◆ Problem details ◆
All entries below are to be written out again exactly, but no picture is to be copied.
####
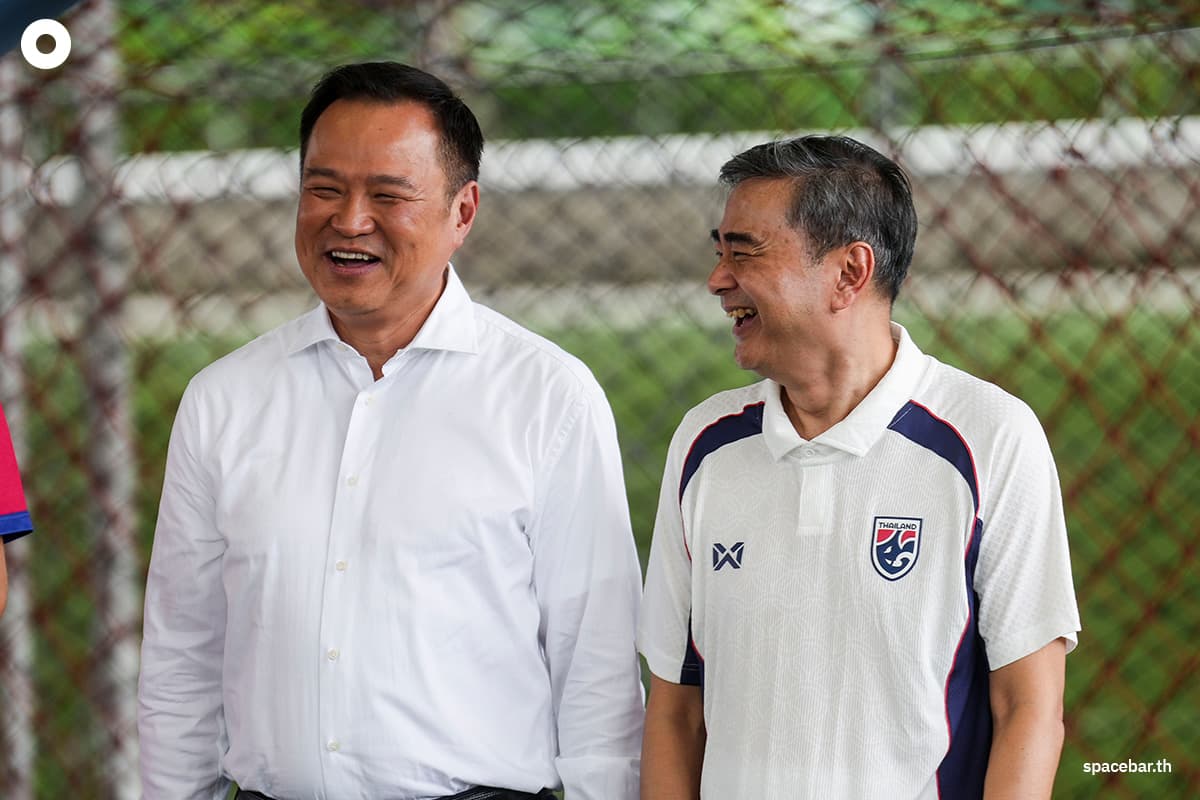 Anutin-the-Prime-Minister-and-abisit-SPACEBAR-Photo01.jpg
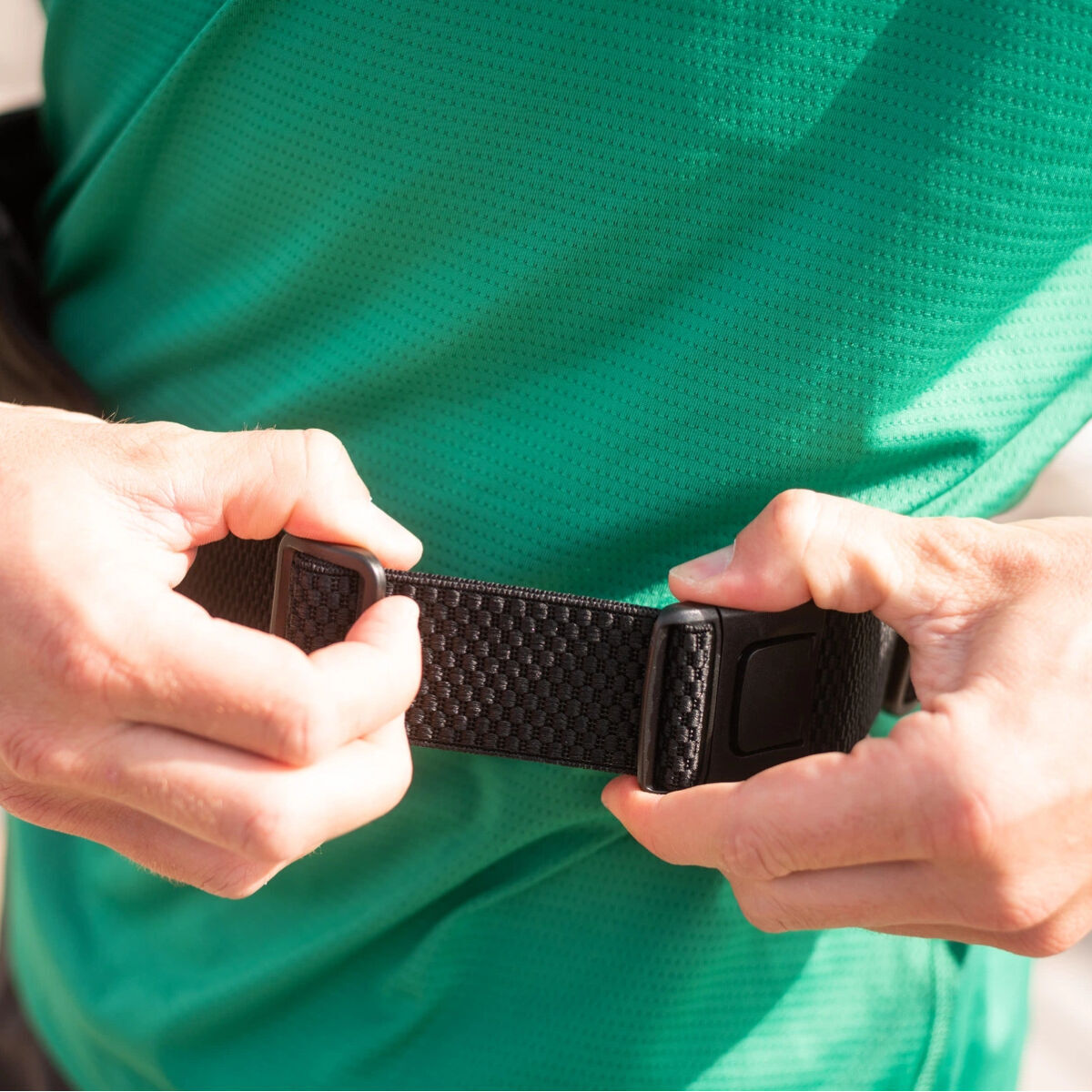 Waterfly Running Waist Bag 3.0 Black Unisex Lycra 1L with Reflectors & Headphone Output
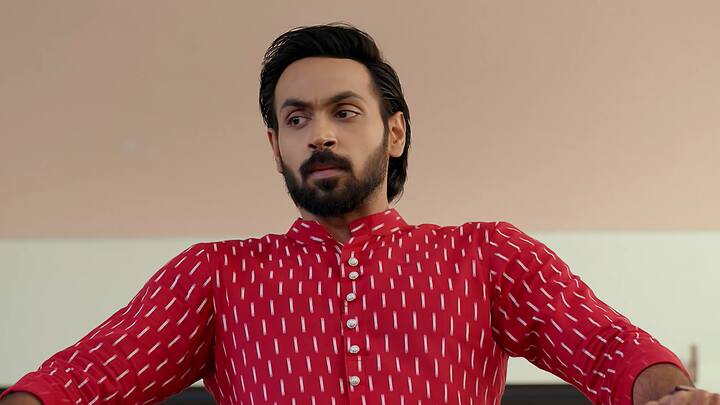 భార్య పేరెత్తితేనే అంతెత్తున ఎగిరిపడే రాజ్..ఇప్పుడు ఇంట్లో ఎవరు ఏమన్నా తనే ముందుకువచ్చి సమాధానం చెప్పి నా భార్య అంటూ చేయిపట్టుకుని తీసుకెళ్లిపోతున్నాడు.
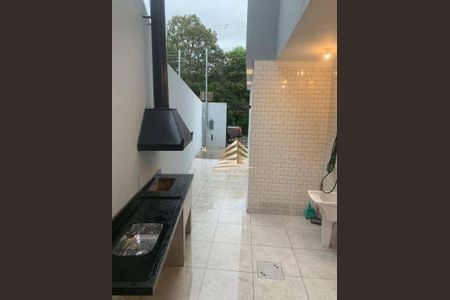 7_photo/94ce89cb21.5bc4e555b9c29fe3-ATLAS-c2e0d610-6eb6-4487-9b72-2173347e8d10.jpg de casa à venda com 3 quartos, 107m² em Jardim do Triunfo, Guarulhos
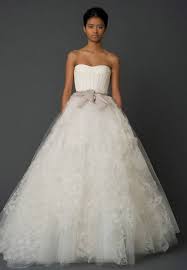 Sie ist eine sehr erfolgreiche brautkleider designer. Vera Wang Hannah Brautkleid Verkaufen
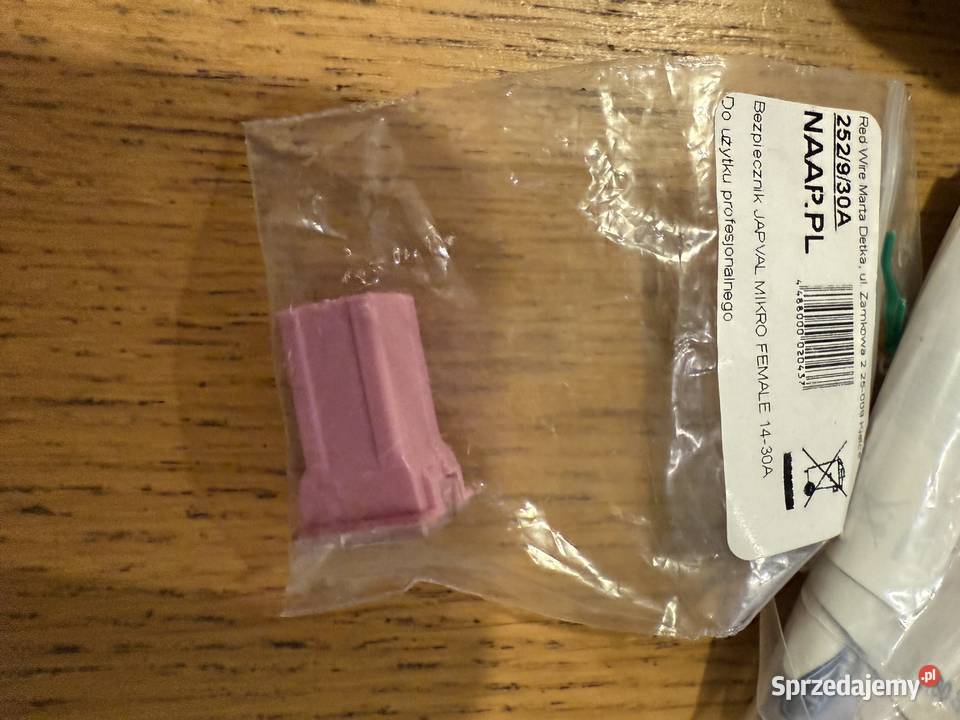 Bezpiecznik Japval mikro female 1430A Skrzynki bezpieczników sprzedam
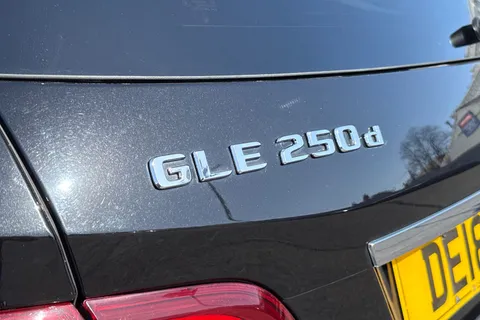 DE18PYV Mercedes-Benz Gle 2.1 GLE250d AMG Line (Premium) G-Tronic 4MATIC Euro 6 (s/s) 5dr Thumbnail #26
####
◆ Answer ◆
 Anutin-the-Prime-Minister-and-abisit-SPACEBAR-Photo01.jpg
 Waterfly Running Waist Bag 3.0 Black Unisex Lycra 1L with Reflectors & Headphone Output
 భార్య పేరెత్తితేనే అంతెత్తున ఎగిరిపడే రాజ్..ఇప్పుడు ఇంట్లో ఎవరు ఏమన్నా తనే ముందుకువచ్చి సమాధానం చెప్పి నా భార్య అంటూ చేయిపట్టుకుని తీసుకెళ్లిపోతున్నాడు.
 7_photo/94ce89cb21.5bc4e555b9c29fe3-ATLAS-c2e0d610-6eb6-4487-9b72-2173347e8d10.jpg de casa à venda com 3 quartos, 107m² em Jardim do Triunfo, Guarulhos
 Sie ist eine sehr erfolgreiche brautkleider designer. Vera Wang Hannah Brautkleid Verkaufen
 Bezpiecznik Japval mikro female 1430A Skrzynki bezpieczników sprzedam
 DE18PYV Mercedes-Benz Gle 2.1 GLE250d AMG Line (Premium) G-Tronic 4MATIC Euro 6 (s/s) 5dr Thumbnail #26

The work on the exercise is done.